Chinese censors wipe out discussions about stock market rout as key index tumbles past 2015 low
The China Securities Regulatory Commission, in a memo dated September 7, has asked mutual funds and brokerages from making public comments that hurt the stock market and spread chaos
The mainland’s securities regulator is making renewed efforts to stabilise the weak stock market amid heightened fears over the escalating US-China trade war, instructing fund managers and analysts from talking down shares after some of their pessimistic views have triggered panic among investors.

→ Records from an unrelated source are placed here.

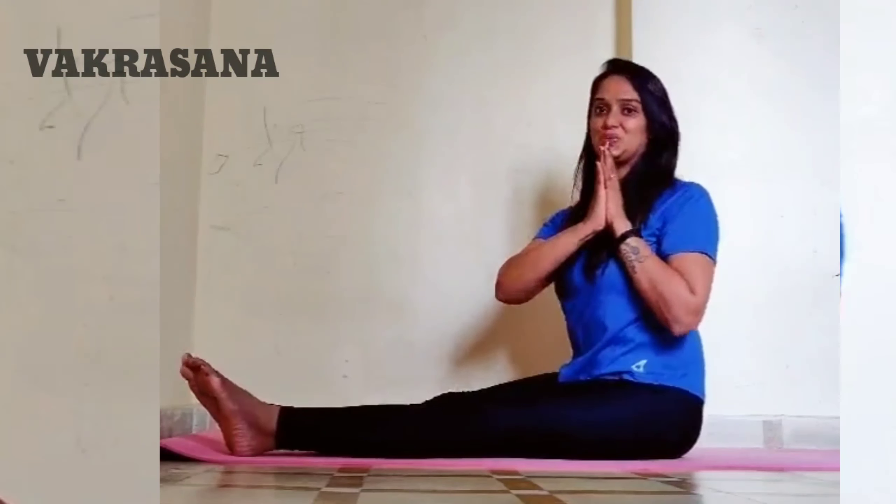This is best for diabetes. The next pose is Vakrasana, also for diabetes. The left leg is bent at 90 degrees and the right leg goes to the opposite and back side. The body twists, which is good for the spine and the stomach. It also helps with diabetes. Hold for 20 to 50 seconds.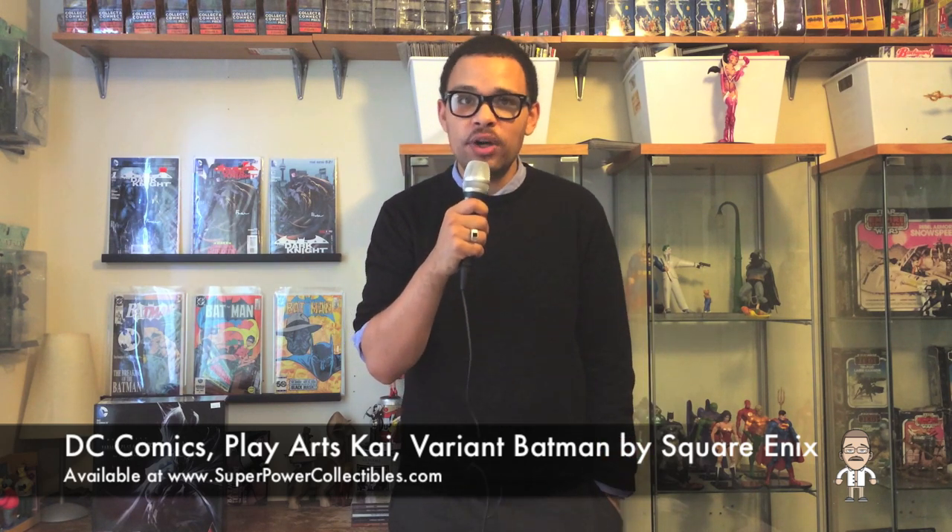Hello, nerds, toy fans and commendable collectors, and welcome back to the second episode of the Canadian Nerd Unboxes, in which we'll be unboxing the brand new DC Comics Play Arts Kai variant Batman, which you can scoop up from our amazing friends over at Super Power Collectibles, should you be in the market for one.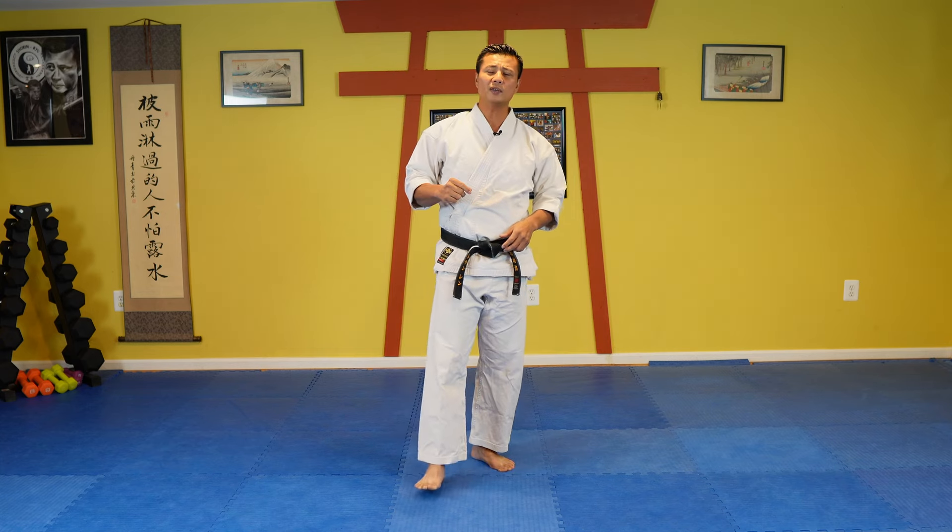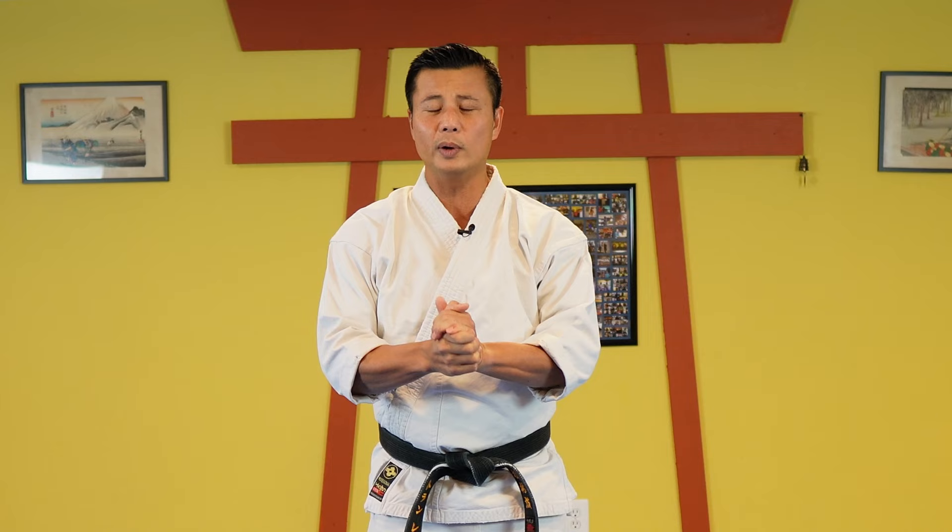Today I'm going to focus on the first kata in Shorenryu, which we call Fugara Ichi. With the practical way that I'm going to show today, we call it Dynamic Karate.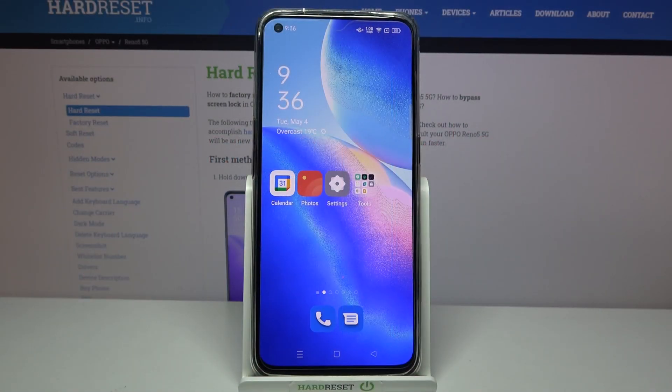Hi, in front of me is the Oppo Reno5 and today I would like to show you how you can connect this Oppo device through Bluetooth.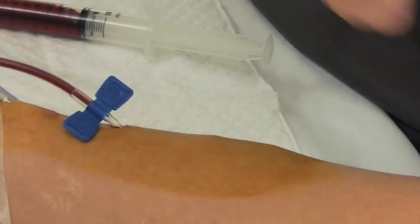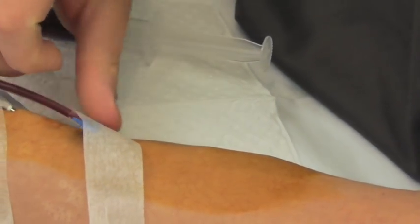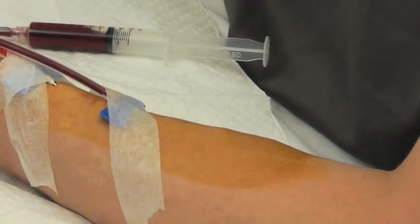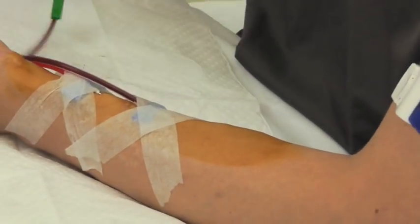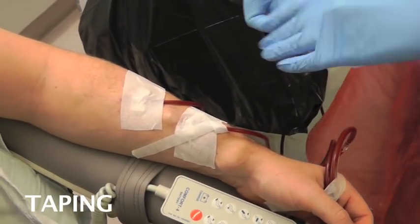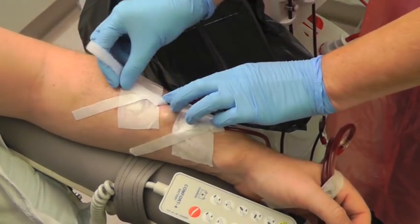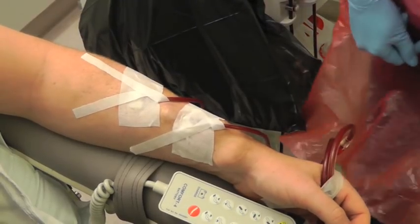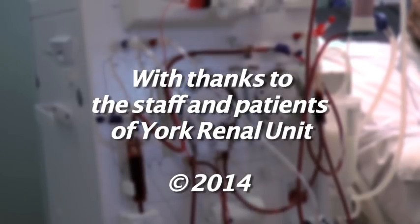If you find you can't get the needle into the tract and you take it all the way out, you must never reinsert the same needle into the tract because you will introduce particles that may cause infection. When the needles are in the fistula they must be taped securely. We normally use butterfly taping like this.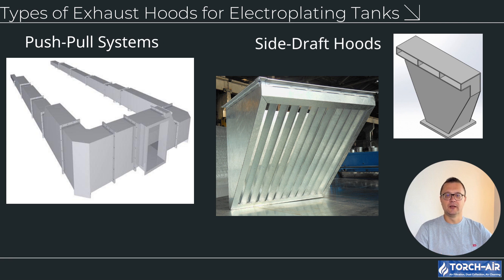3. Push-pull systems — design: combines a push nozzle that directs air across the tank surface with a pull hood on the opposite side to capture fumes. Applications: ideal for long tanks or high fume generating operations. Advantages: maximizes capture efficiency with optimized airflow patterns, reduces energy consumption by minimizing unnecessary ventilation.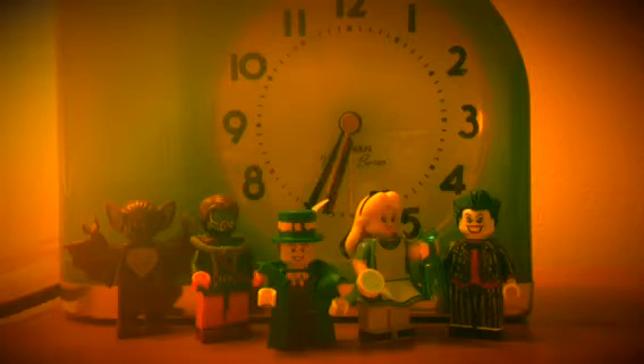Hey guys, it's Brick777. This is another LEGO Custom Arkham Asylum figure. This one's going to be on my LEGO Custom the Mad Hatter. Hope you guys like the video. Enjoy! It's going to be glorious, so I can't wait!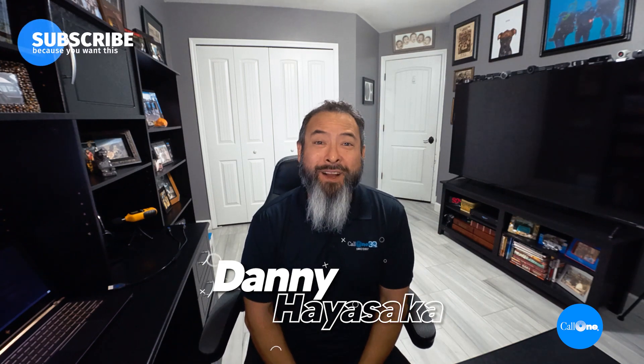What's up? Danny Hayasaki with Colin Inc., helping people do their business better.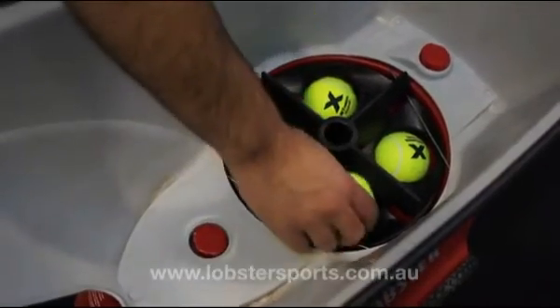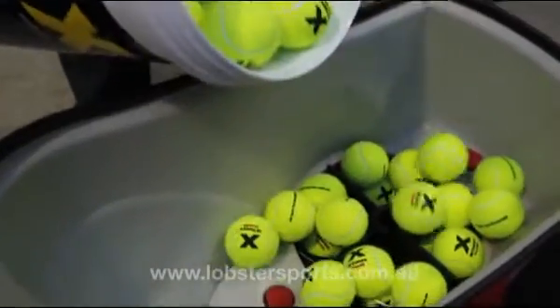Place four tennis balls into each slot and carefully dispense the rest of the tennis balls into the hopper.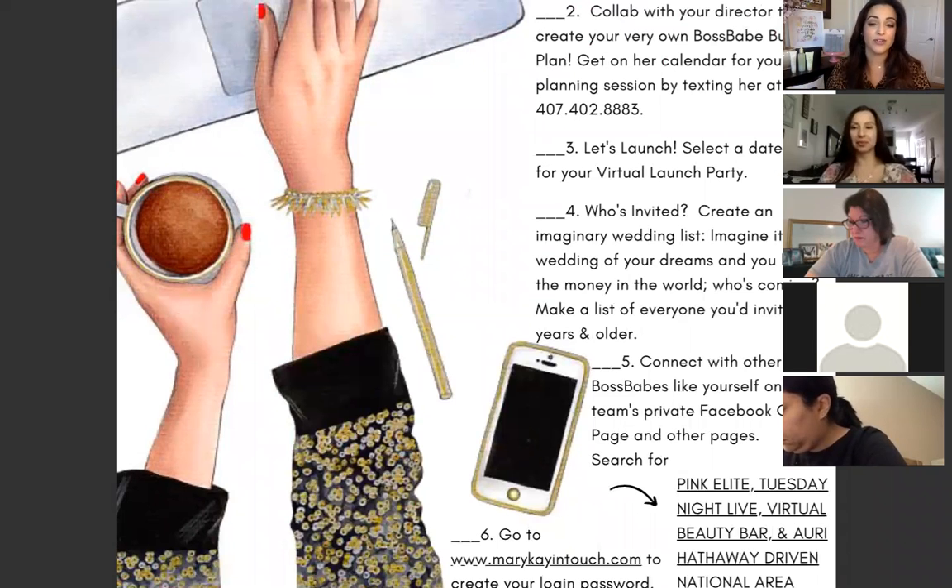Number three is: let's launch. One of the very first things we'd like to do in Mary Kay is set a virtual launch party for you. It's a place where your family, friends, and potential future customers can all connect for about 30 to 40 minutes — have some wind-down time, some beauty time, learn about our products and their benefits, and celebrate you as a new business owner. Make sure you set that date because your director or recruiter will do everything for you as a training opportunity.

The China Securities Regulatory Commission (CSRC) distributed a memo, dated September 7, to financial institutions, including mutual funds and brokerages, instructing them to avoid making public comments that “lack professional prudence and substantial understanding of the market conditions”, according to the document obtained by the South China Morning Post.
Some of the views “have badly tainted the reputation of the companies and caused a disorder in the market with huge negative impact”, the memo added.
In the first eight months of this year, the benchmark Shanghai Composite Index has slumped 17.6 per cent, resulting in a new round of crisis of confidence in the market where millions of retail investors spend years of savings to chase short-term gains from share price swings.
The key indicator hit a three-year low on Monday battered by fears of a move by the US President Donald Trump to impose tariffs on another US$200 billion worth of Chinese imports, ending at 2,651.79.
The index, however, has risen over the past two sessions after China slapped retaliatory tariffs on US$60 billion of US goods and plans to inject stimulus to spur economic growth amid fears of a slowdown because of the trade war.
“Social media has helped negative comments spread quickly and that is a big concern among regulators when they step in to soothe disappointed investors,” said Shen Ye, a Shanghai-based hedge fund manager. “But the censorship will not effectively stem the slide since worries about slowing economic growth and trade war will cause damages to business operations.”
China’s securities regulator has been tasked with stabilising the market to avoid social chaos because small investors, after suffering heavy losses, could take to the streets to protest against the government’s failed efforts to safeguard their interests.
A stock market rout in mid-2015 that wiped out as much as US$5 trillion market capitalisation prompted Beijing to shell out at least 1.5 trillion yuan (US$219 billion) of rescue funds to buoy the falling stocks.
The CSRC in a bid to shore up investor confidence recently issued a series of recommendations, encouraging listed companies to buy-back their shares and has also slowed initial public offering approvals.
Hengsheng Asset Management predicts the Shanghai benchmark may drop a further 10 per cent after the US proposed duties on another US$200 billion worth of products on Tuesday.